─── Records for processing ───

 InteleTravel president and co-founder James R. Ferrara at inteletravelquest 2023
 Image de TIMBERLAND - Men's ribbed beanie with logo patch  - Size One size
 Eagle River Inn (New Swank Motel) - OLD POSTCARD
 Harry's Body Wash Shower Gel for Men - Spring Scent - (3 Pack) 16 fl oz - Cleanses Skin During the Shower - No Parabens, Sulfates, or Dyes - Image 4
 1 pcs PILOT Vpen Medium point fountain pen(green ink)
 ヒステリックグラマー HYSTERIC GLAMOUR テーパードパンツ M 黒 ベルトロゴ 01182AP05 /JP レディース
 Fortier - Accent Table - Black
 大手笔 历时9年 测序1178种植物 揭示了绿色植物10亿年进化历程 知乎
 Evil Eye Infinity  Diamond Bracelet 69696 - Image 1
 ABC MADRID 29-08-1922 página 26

───
─── Records for processing ───

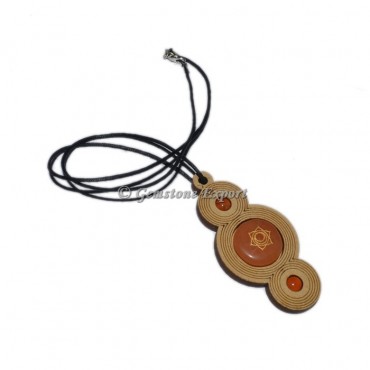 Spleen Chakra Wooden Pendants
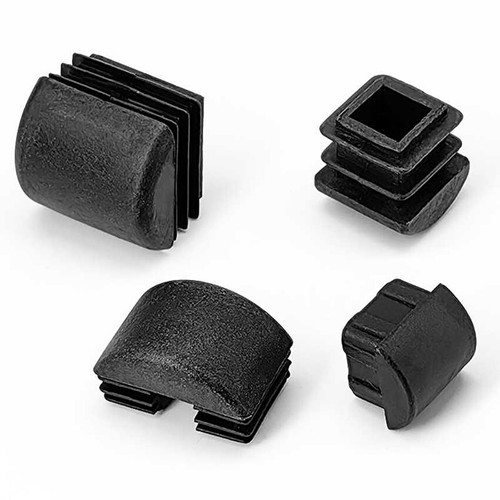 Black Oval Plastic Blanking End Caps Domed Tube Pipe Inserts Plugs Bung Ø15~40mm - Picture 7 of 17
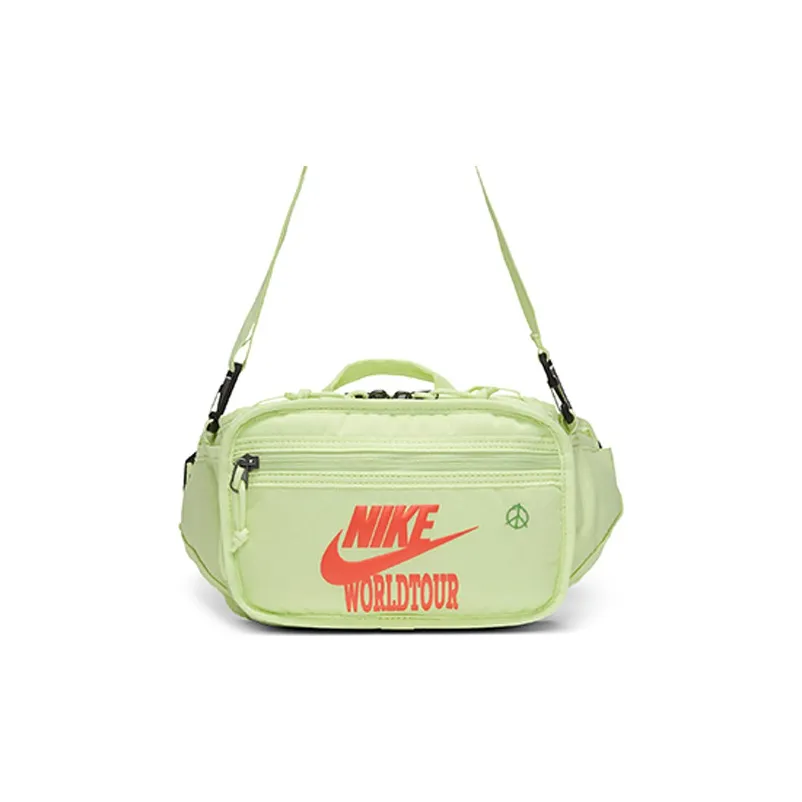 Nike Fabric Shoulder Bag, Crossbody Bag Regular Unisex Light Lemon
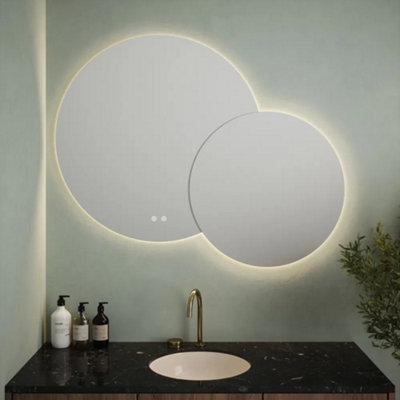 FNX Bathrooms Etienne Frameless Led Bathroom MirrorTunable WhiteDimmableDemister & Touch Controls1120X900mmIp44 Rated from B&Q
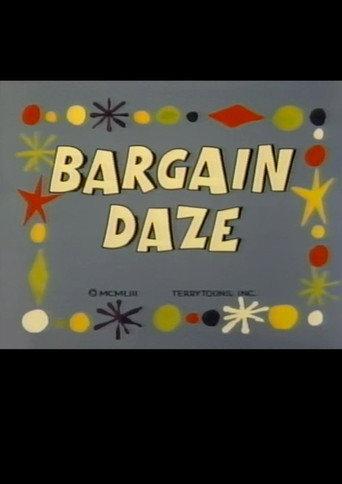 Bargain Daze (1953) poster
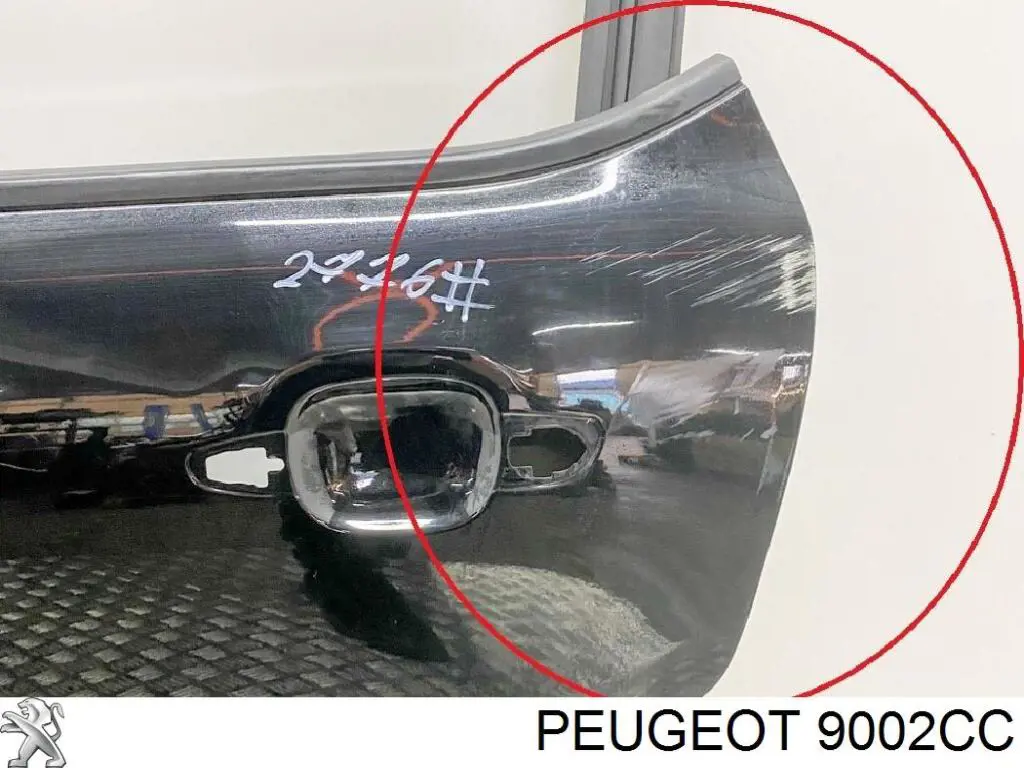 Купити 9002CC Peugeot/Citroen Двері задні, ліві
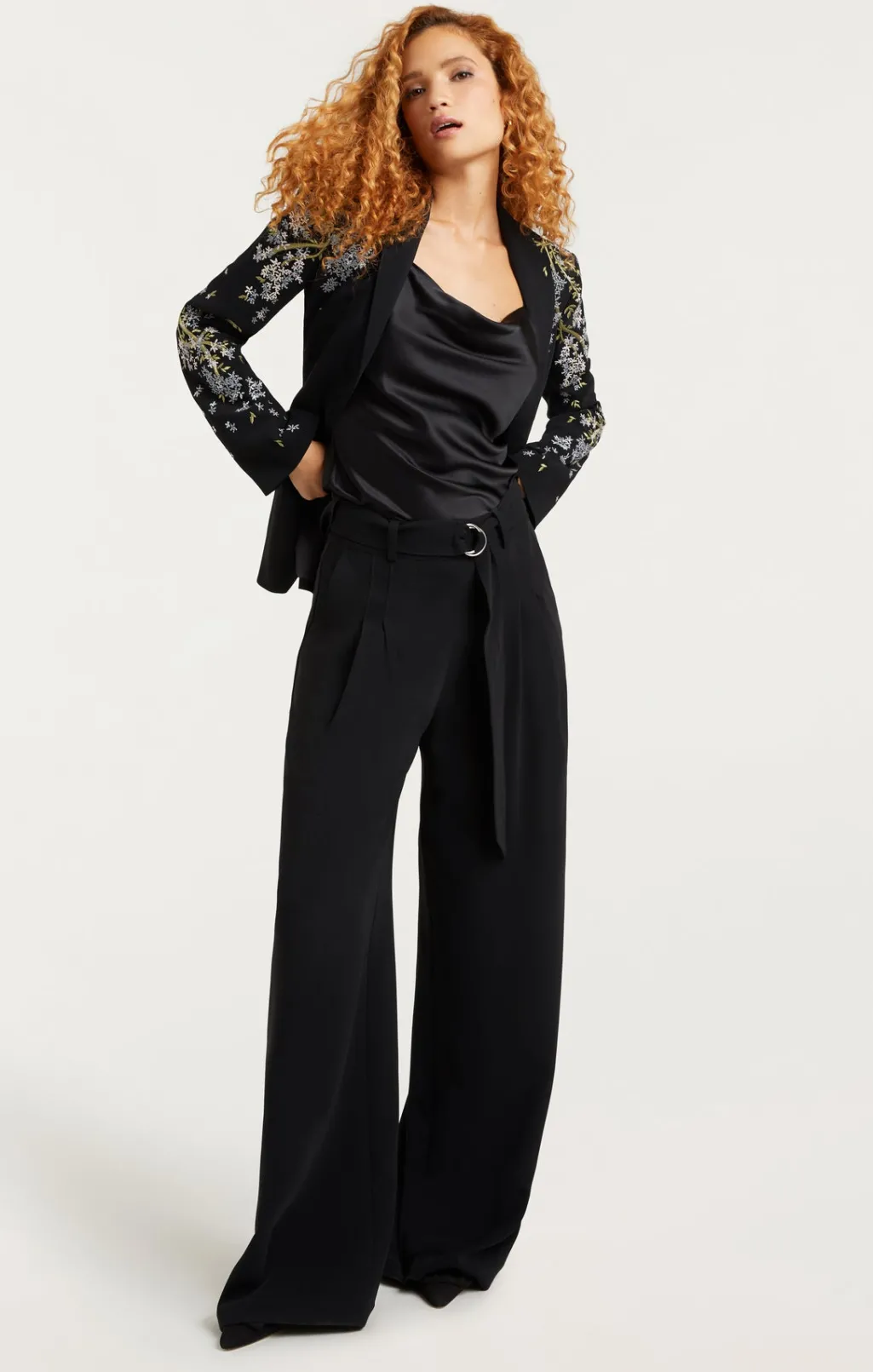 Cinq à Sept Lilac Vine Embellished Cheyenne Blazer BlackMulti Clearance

───
─── Records for processing ───

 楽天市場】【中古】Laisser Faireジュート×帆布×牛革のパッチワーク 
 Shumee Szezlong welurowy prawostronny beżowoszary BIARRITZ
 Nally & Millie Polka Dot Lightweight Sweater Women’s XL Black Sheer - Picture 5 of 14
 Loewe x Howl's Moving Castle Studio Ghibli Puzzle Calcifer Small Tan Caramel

───

Among the lines above, find each one containing the string "Image" and copy it.

* **Result of this exercise**
 Image de TIMBERLAND - Men's ribbed beanie with logo patch  - Size One size
 Harry's Body Wash Shower Gel for Men - Spring Scent - (3 Pack) 16 fl oz - Cleanses Skin During the Shower - No Parabens, Sulfates, or Dyes - Image 4
 Evil Eye Infinity  Diamond Bracelet 69696 - Image 1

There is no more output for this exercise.